Daily Lab: Brilliantly irrelevant

Simpler, not smarter.

Daily Lab: Brilliantly irrelevant


  • Avoid being brilliantly irrelevant by focusing on actual customer wants
  • Be useful and helpful instead of making things more complicated
  • Value comes from being relevant, not merely intelligent

Why read the rest:

  • Dive deeper into industry expertise on why relevance and simplicity beat brilliance in business

Famous 20th century advertiser David Ogilvy once warned against “skidding about on what my brother Francis called ‘the slippery surface of irrelevant brilliance.’”

It’s an easy thing to do, when you own a business and you care a lot about it, and the problem you’re solving.

You might end up obsessing over being “the best,” even if the customer wants something else—or something more.
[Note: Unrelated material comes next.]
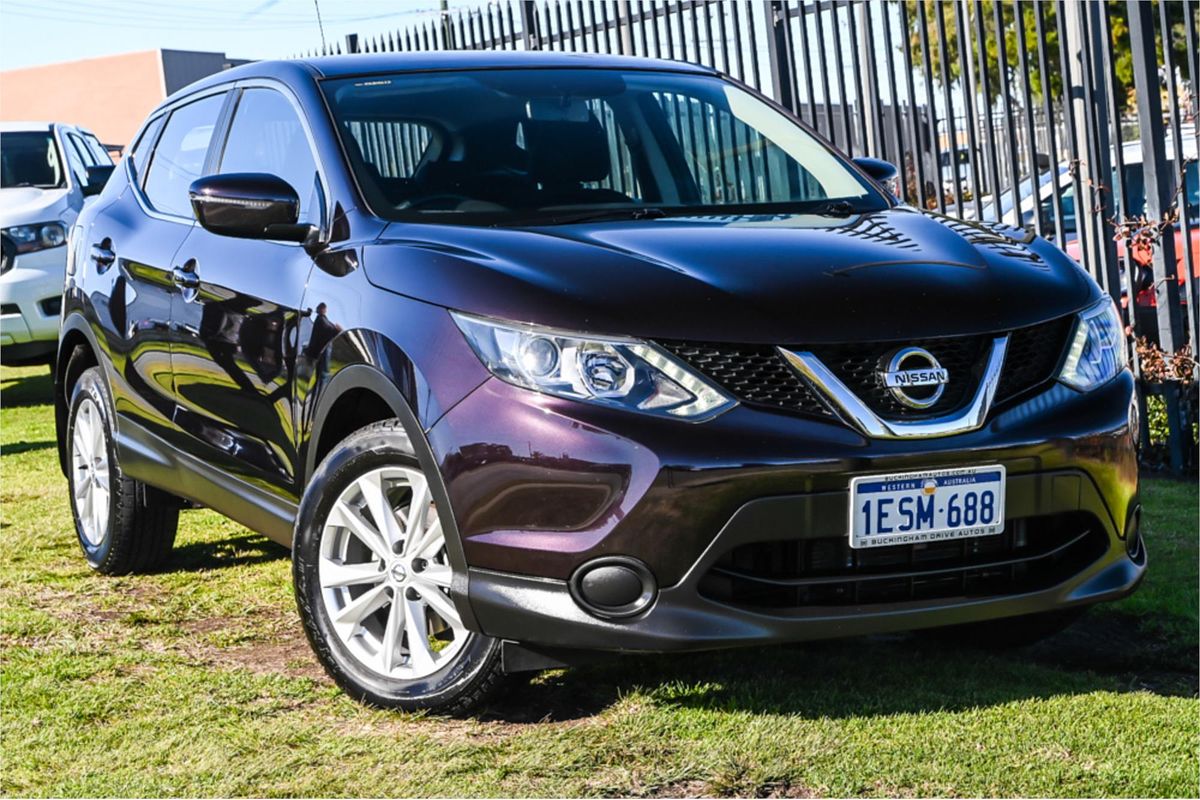 2014 Nissan QASHQAI ST J11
You might demand to be the cheapest, even if the customer needs more value—or is suspicious of a too-good deal.

You may even strive to be the smartest—even if your prospects have no idea what you’re talking about.

Instead, as Ton Dobbe wrote in The Remarkable Effect, “The more relevant you appear in the eyes of your ideal customer, the bigger your success.”
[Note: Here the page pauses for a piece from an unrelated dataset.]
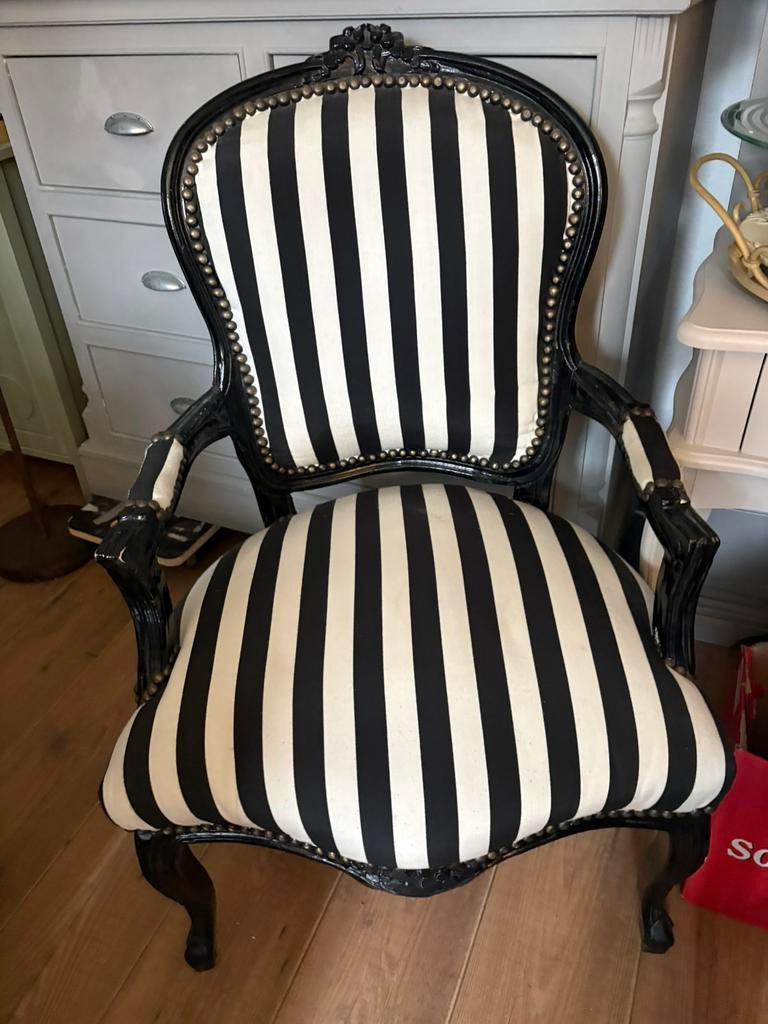 Louis xv stoel, Ophalen of Verzenden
It’s not about being brilliant, it’s about being useful. Helpful.

It’s about demonstrating our value, not our intelligence.
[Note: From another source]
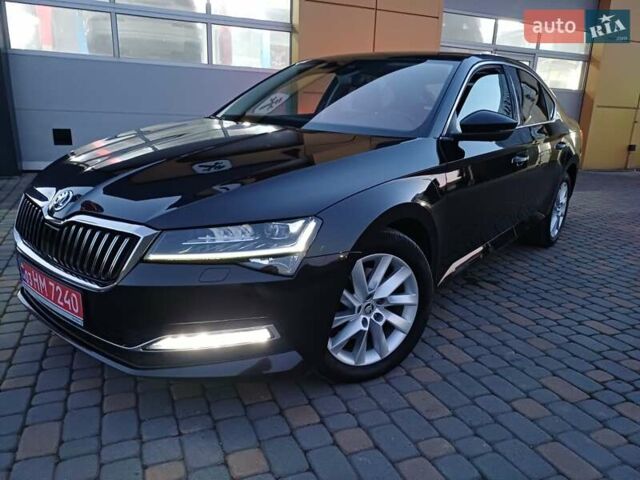 Черный Шкода Суперб, объемом двигателя 1.97 л и пробегом 202 тыс. км за 27499 $, фото 16 на Automoto.ua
Like David A. Fields wrote in The Irresistible Consultant’s Guide to Winning Clients, “Executives are far more likely to buy a solution they understand than one that seems mystifyingly complex, difficult to grasp or shrouded in mystery.”

Instead, he writes, “they intuitively adopt Occam’s razor: the simplest explanation is usually the correct one.”

We don’t get clients by making things more complicated.

We earn their confidence by making things simpler.